Senior officials from the ministries of labour, human resources, and employment in Abu Dhabi Dialogue member countries convened in two of the working sessions and discussed ways for facilitating and enhancing skills mobility between labour sending and receiving countries in line with the future prospects of work.
The first session addressed key guidelines for building successful partnerships between countries to streamline skill transfer between sending and receiving countries, based on the evolving needs of labour markets and economic growth strategies in labour-receiving countries.
Jason Gagnon, Head of the Migration and Skills Unit at the Organisation for Economic Co-operation and Development (OECD), spoke at the session, highlighting the importance of developing the skills of workers in labour-sending countries, in line with the requirements and work environment in labour-receiving countries, in order to achieve balance and harmony between workers’ skills and labour market requirements, as well as to enhance the role that temporary workers play in accelerating economic growth and offering added value to labour-receiving markets.
Meanwhile, the second session, which featured Kishore Kumar Singh, Senior Skills Development Specialist at the Decent Work Technical Support Team of the International Labour Organisation (ILO) Regional Office for Arab States, underlined the most effective ways to match labour mobility with the needs of the labour market.
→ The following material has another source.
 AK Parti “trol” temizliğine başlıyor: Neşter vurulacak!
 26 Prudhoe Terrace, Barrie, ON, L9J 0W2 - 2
The session discussed the importance of matching migrant workers’ skills and experiences with labour market requirements and future economic development goals in labour-receiving countries, in order to ensure the success and sustainability of labour mobility. This, he said, allows workers to seize the greatest possible opportunities, where they develop their skills in their home countries based on the latest requirements and modern systems adopted by labour-receiving countries.
Two of the working sessions included meetings to discuss ways to integrate gender equality into the framework of employment policies of Abu Dhabi Dialogue member nations. The first session examined current and potential demand for employing female workers in the field of technology, as well as ways to facilitate access to tech-related sectors to enhance women’s participation in labour markets.
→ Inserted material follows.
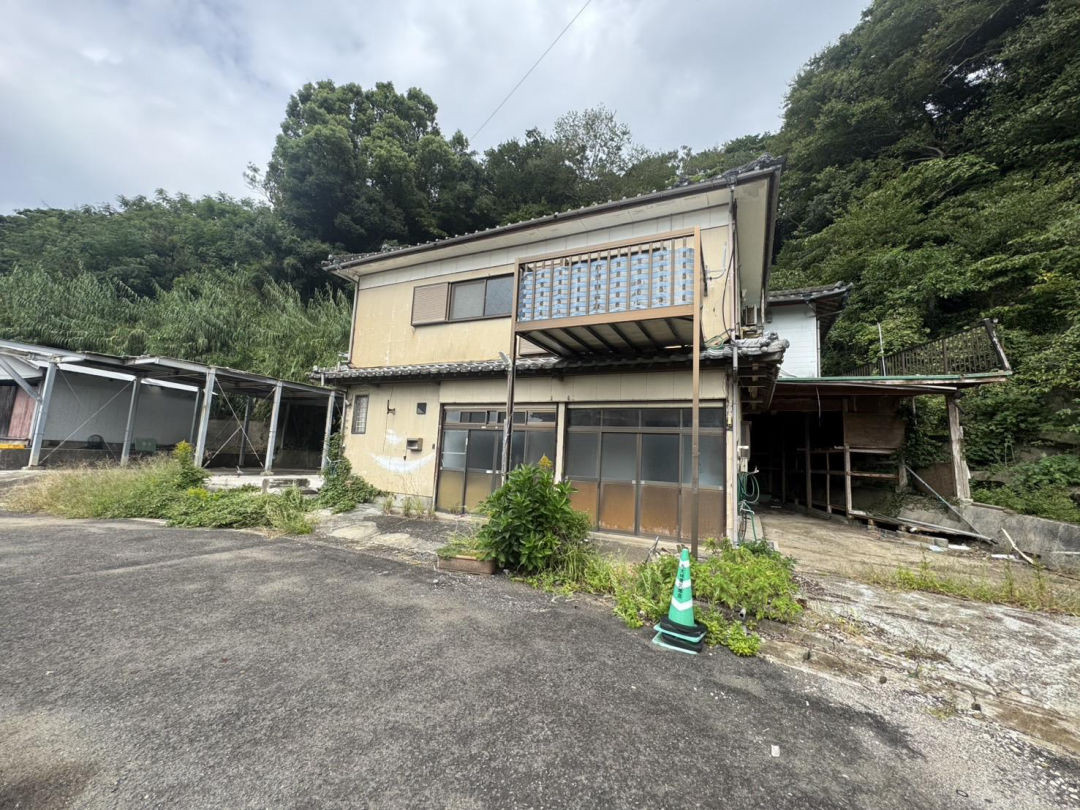 Spacious 5DK House in Nagasaki with Free Parking - Thumbnail 4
The session featured Dr. Jean D’Cunha, Senior Global Advisor on International Migration, Decent Work, and Entrepreneurship at UN Women, and discussed the need to enhance women’s participation and integration in the labour market considering the major technological developments, transforming various business sectors, which have led to a significant expansion in suitable jobs for female workers, reducing the number of highly intense, which are unsuitable for women.
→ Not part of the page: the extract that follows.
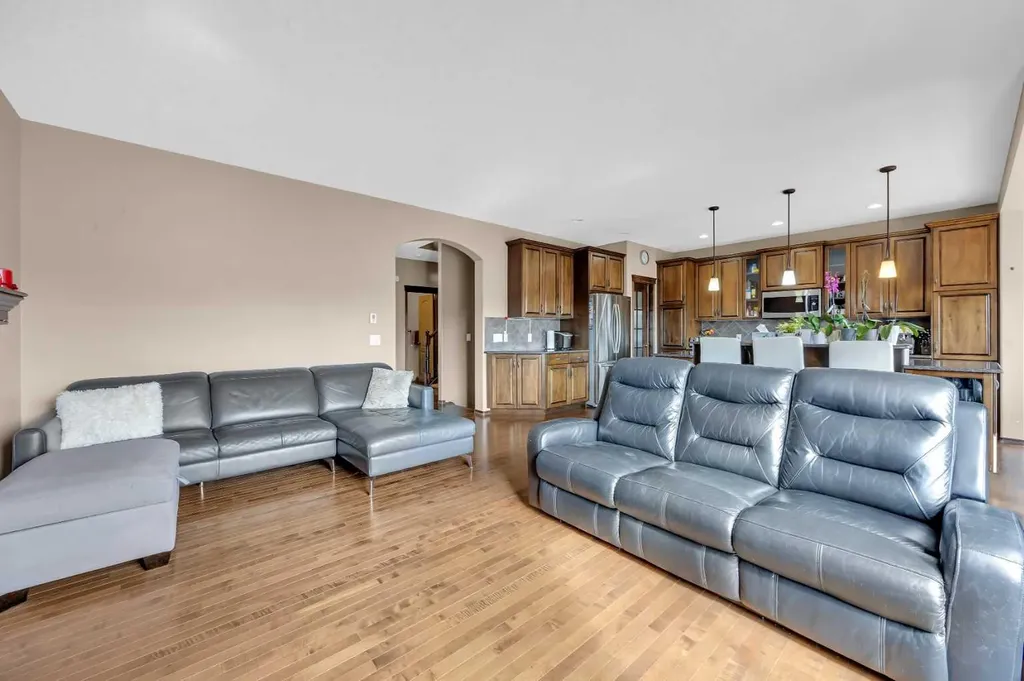 92 Everoak Close SW Calgary AB T2Y0C3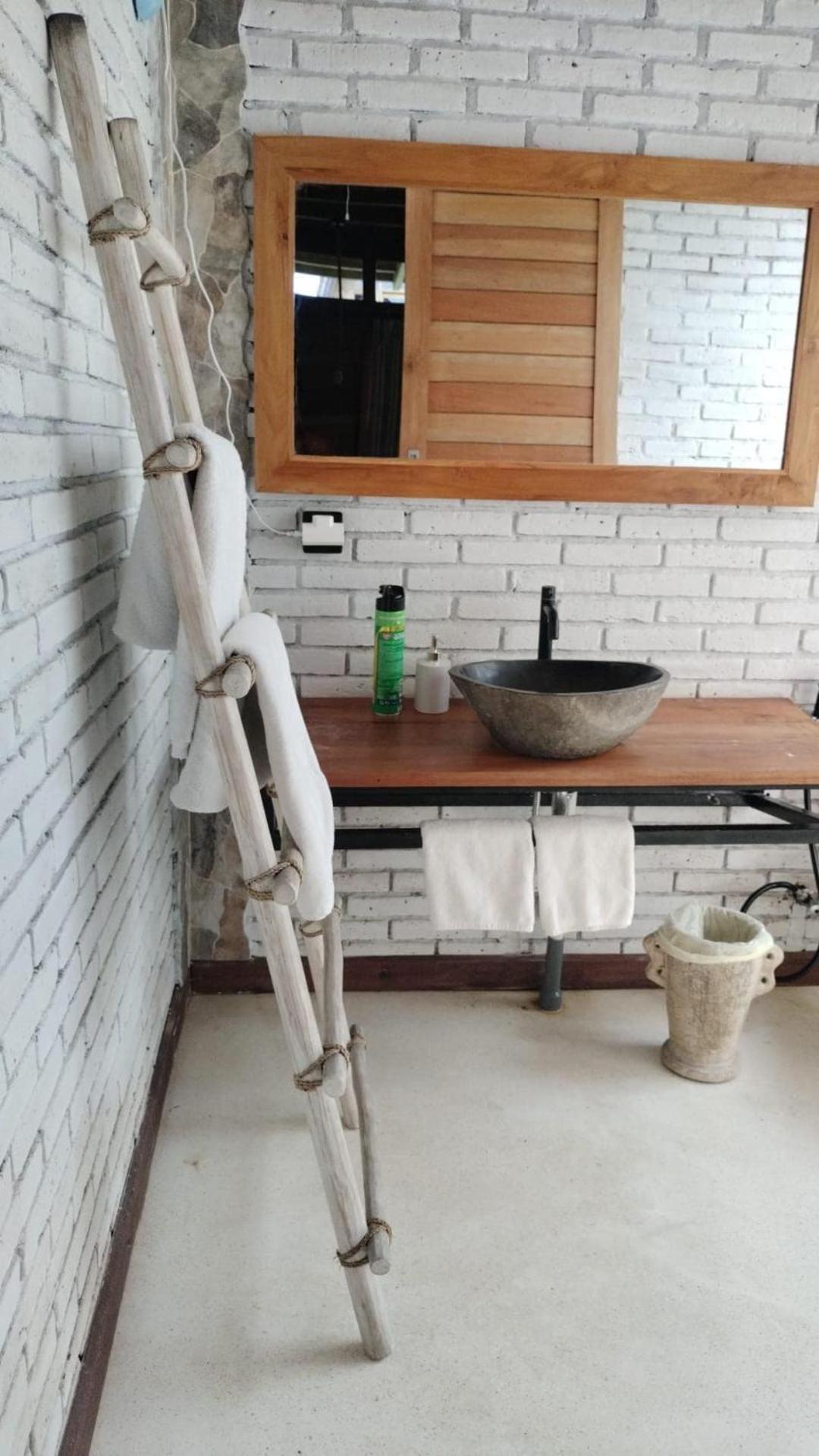 Welcoming And Comfortable In Center Chalet Uluwatu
The second session covered ways to better evaluate women’s employment, and strategies for achieving equity and expanding women’s participation in labour markets, especially in the health sector. Speaker Tanja Dedovic, Senior Regional Thematic Specialist for Labour Mobility and Social Inclusion at the International Organisation for Migration (IOM) explained the importance of women’s participation in the labour market, the major role they play, and the vast areas where they can excel.
Activities of the Seventh Abu Dhabi Dialogue Ministerial Consultation are scheduled to officially begin on Sunday, 11 February, where ministers of labour, human resources, and employment will discuss the outcomes of the working sessions held by senior officials to review recommendations and make appropriate decisions.
The UAE hosts the Permanent Secretariat of the Abu Dhabi Dialogue, which was launched in 2008 as a forum for dialogue and cooperation between Asian labour sending and receiving countries.